*** Opening MATERIAL PROVIDED ***

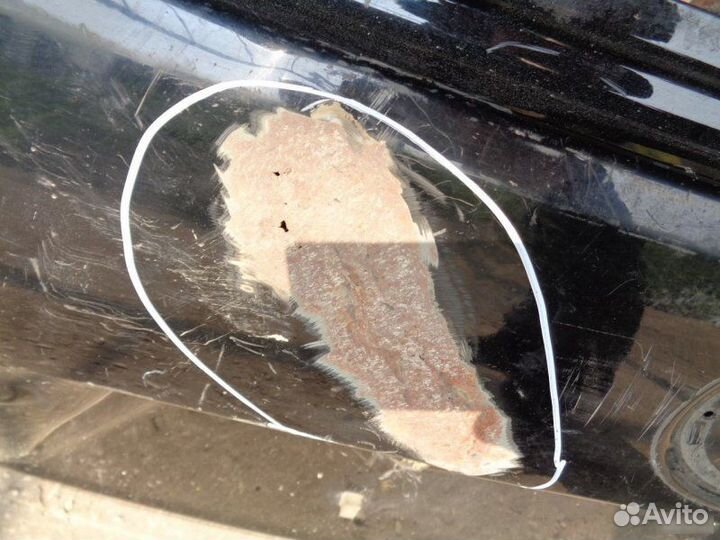 Крышка багажника Toyota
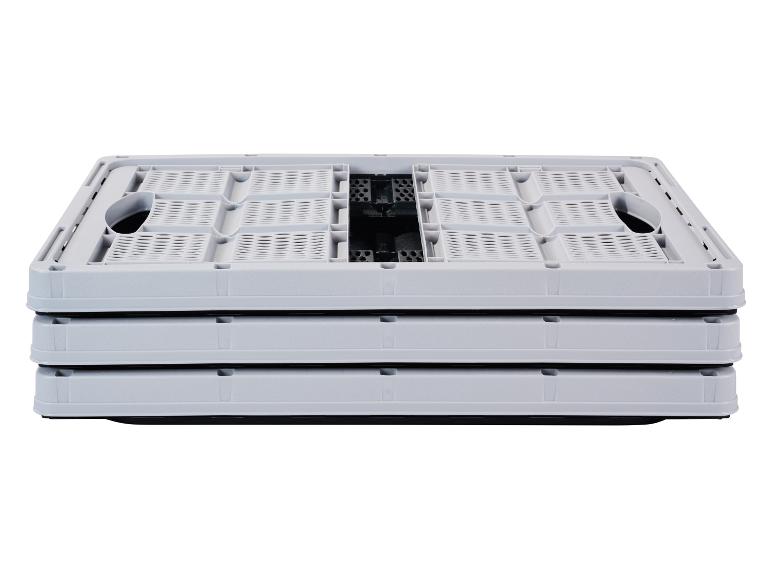 Gestapelde grijze opvouwbare opbergkratten op een witte achtergrond.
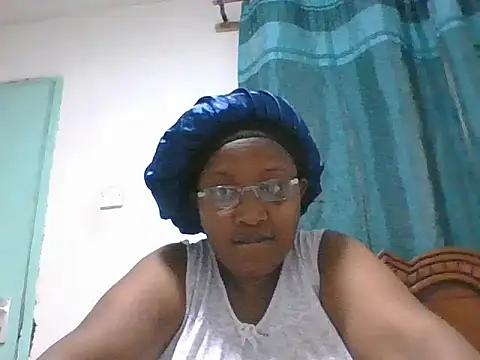 Snapshot of peacechloe chatting on June 29, 7:36 pm peacechloe online show from June 29, 7:36 pm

*** Closing MATERIAL PROVIDED ***

▶ **REQUIREMENT**
Please copy, exactly and only, the lines of the listing that run from the one holding "Gestapelde grijze opvouwbare" through its last line, and exclude pictures.

▶ **SOLVED EXERCISE**
 Gestapelde grijze opvouwbare opbergkratten op een witte achtergrond.
 Snapshot of peacechloe chatting on June 29, 7:36 pm peacechloe online show from June 29, 7:36 pm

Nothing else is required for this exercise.